Periodic Reporting for period 2 - E2DATA (European Extreme Performing Big Data Stacks)
Reporting period: 2019-07-01 to 2020-12-31
However, the customer does not have the financial capability to achieve that. Ideally, they would like to achieve their business requirements without stretching their hardware budget. The natural question that arises is the following:
“How can we improve execution times while using less hardware resources?”
E2Data proposes an end-to-end solution for Big Data deployments that will fully exploit and advance the state-of- the-art in infrastructure services by delivering a performance increase of up to 10x while utilizing up to 50% less cloud resources.
E2Data will provide a new Big Data software paradigm of achieving the maximum resource utilization for heterogeneous cloud deployments without affecting current Big Data programming norms (i.e. no code changes in the original source). The proposed solution takes a cross-layer approach by allowing vertical communication between the four key layers of Big Data deployments (application, Big Data software, scheduler/cloud provider, and execution run time) which will allow the E2Data-enabled stack to adress the following question:
“How can the user establish for each particular business scenario which is the highest performing and cheapest hardware configuration?”
Furthermore, the Intelligent Scheduler architecture has been defined in T4.1 and prototypes for the Intelligence layer and the Automatic Decision-Making mechanism for elastic resource provisioning have been developed within T4.2 and T4.3 respectively. Progress related to this objective is described in subsection 1.2.4 and in more detail in deliverables D4.1 and D4.2 submitted during the first reporting period.
TornadoVM, the Heterogeneous Execution Engine of E2Data, developed in T5.2 has been made available as open source, already undergone three release cycles. Progress with regard to this objective is provided in subsection 1.2.5 and in more detail in deliverable D5.1.
The profiler tool has been developed within T5.1 and is undergoing code review in order to be integrated in TornadoVM. Progress related to this tool is provided in subsection 1.2.5.
Within T3.2 the consortium identified and verified the Cloud Resource Management Framework that will be used in E2Data. Progress is provided in subsection 1.2.3 and in more detail in deliverable D3.1.
An initial design with respect to the User Interface part of the components of the Big Data Visualisation Tool has been performed within T3.4. A description of the progress is provided in subsection 1.2.3.

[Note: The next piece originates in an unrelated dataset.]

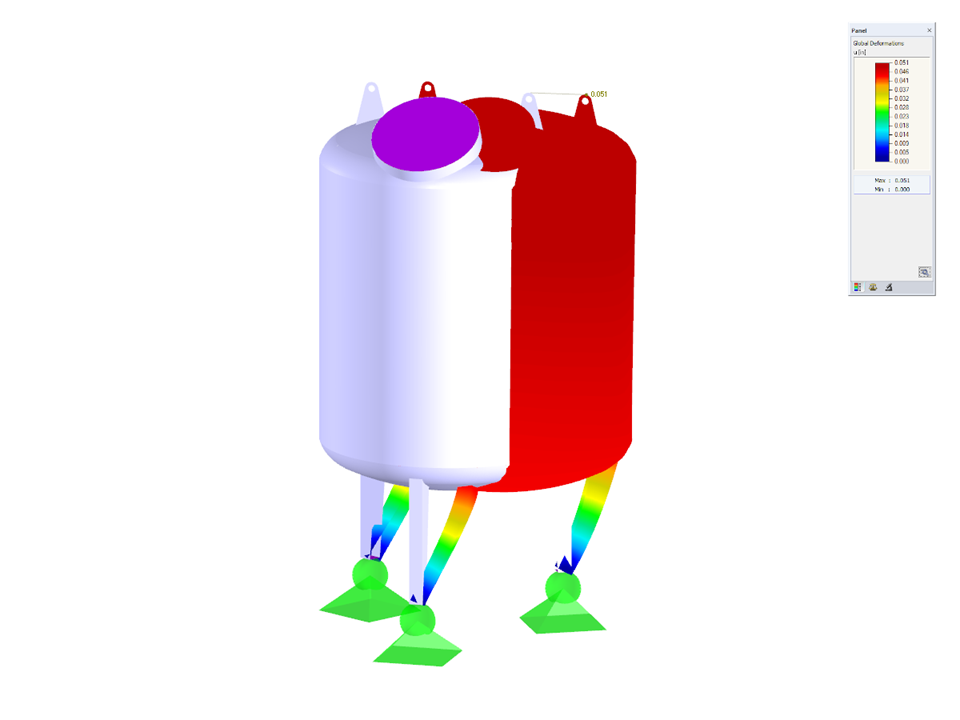 Steel Tank Stability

Apart from the development-related progress identified on the table above, significant progress has also been achieved within WP2 in the front of the user requirements, described in subsection 1.2.2 and provided in more detail in deliverable D2.1. Within the same WP, progress has been done in the direction of developing the accelerated version of the use cases, based on the current version of the E2Data Heterogeneous execution engine, i.e. TornadoVM. This progress is reflected in deliverable D2.2.
With regard to the Integration and Evaluation of the E2Data Architecture, the architecture has been defined, the initial prototype of the E2Data stack has been developed and both of the two project testbeds including high-performing x86 and low-power ARM cluster architectures have been deployed and ready to use. Progress within the corresponding WP6, is described in subsection 1.2.6 and deliverables D6.1 and D6.2 submitted during the first reporting period.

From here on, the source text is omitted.